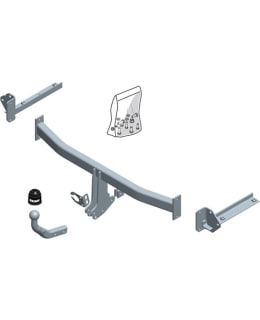 BRINK VB558000 KIINTEÄ VETOKOUKKU HONDA Main Image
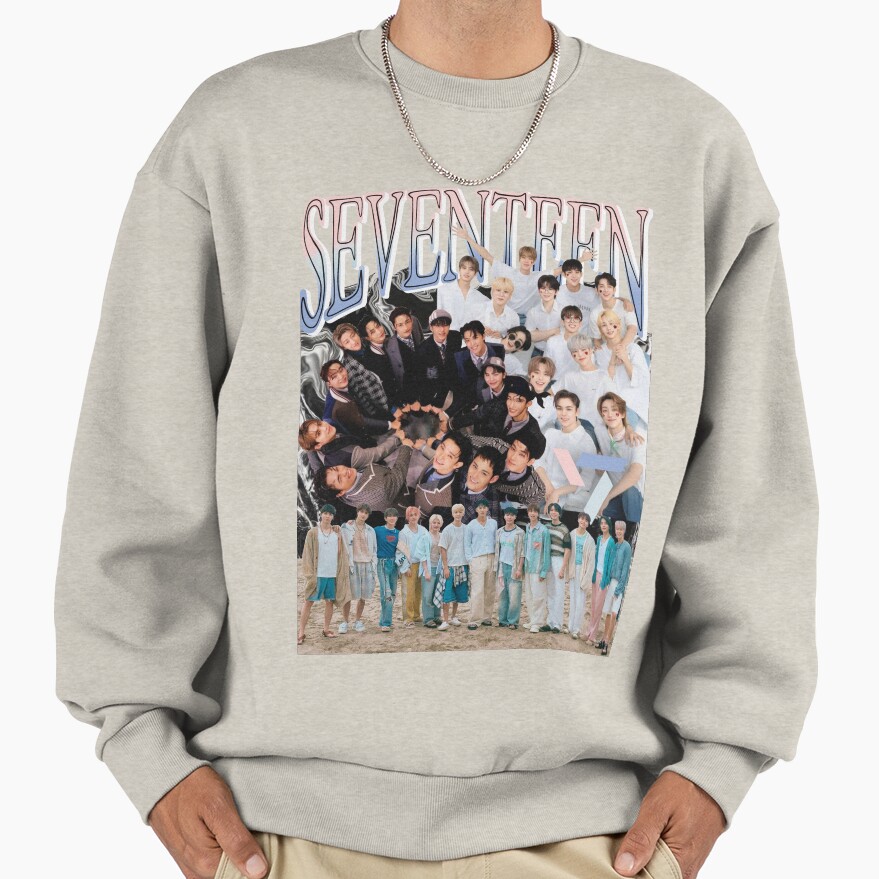 Seventeen Vintage Edit Sweatshirt - Image 3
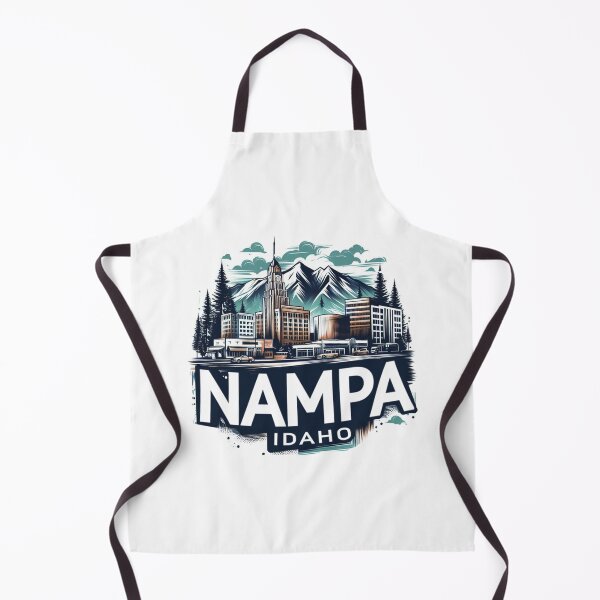 Item preview, Nampa, Idaho, Watercolor Illustration designed and sold by PaintMeWorld.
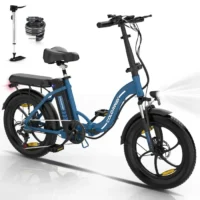 COLORWAY BK6S1 36V 12Ah Folding Ebike product image view 8
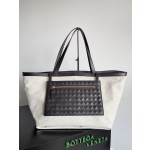Bottega Veneta BV New Structured Flip Flap Tot Bag Large#754915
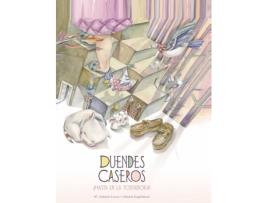 Livro Duendes Caseros de Maria Gabriela Lovera Montero (Espanhol)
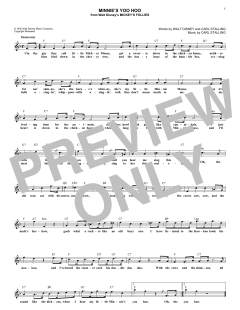 Minnie's Yoo Hoo von Walt Disney (Download)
━━━━━━━━━━━━━━━━━━━━
> **Aim of the exercise**: Every entry above, pictures excluded, needs to be duplicated exactly.

> **Solution**:
 BRINK VB558000 KIINTEÄ VETOKOUKKU HONDA Main Image
 Seventeen Vintage Edit Sweatshirt - Image 3
 Item preview, Nampa, Idaho, Watercolor Illustration designed and sold by PaintMeWorld.
 COLORWAY BK6S1 36V 12Ah Folding Ebike product image view 8
Bottega Veneta BV New Structured Flip Flap Tot Bag Large#754915
 Livro Duendes Caseros de Maria Gabriela Lovera Montero (Espanhol)
 Minnie's Yoo Hoo von Walt Disney (Download)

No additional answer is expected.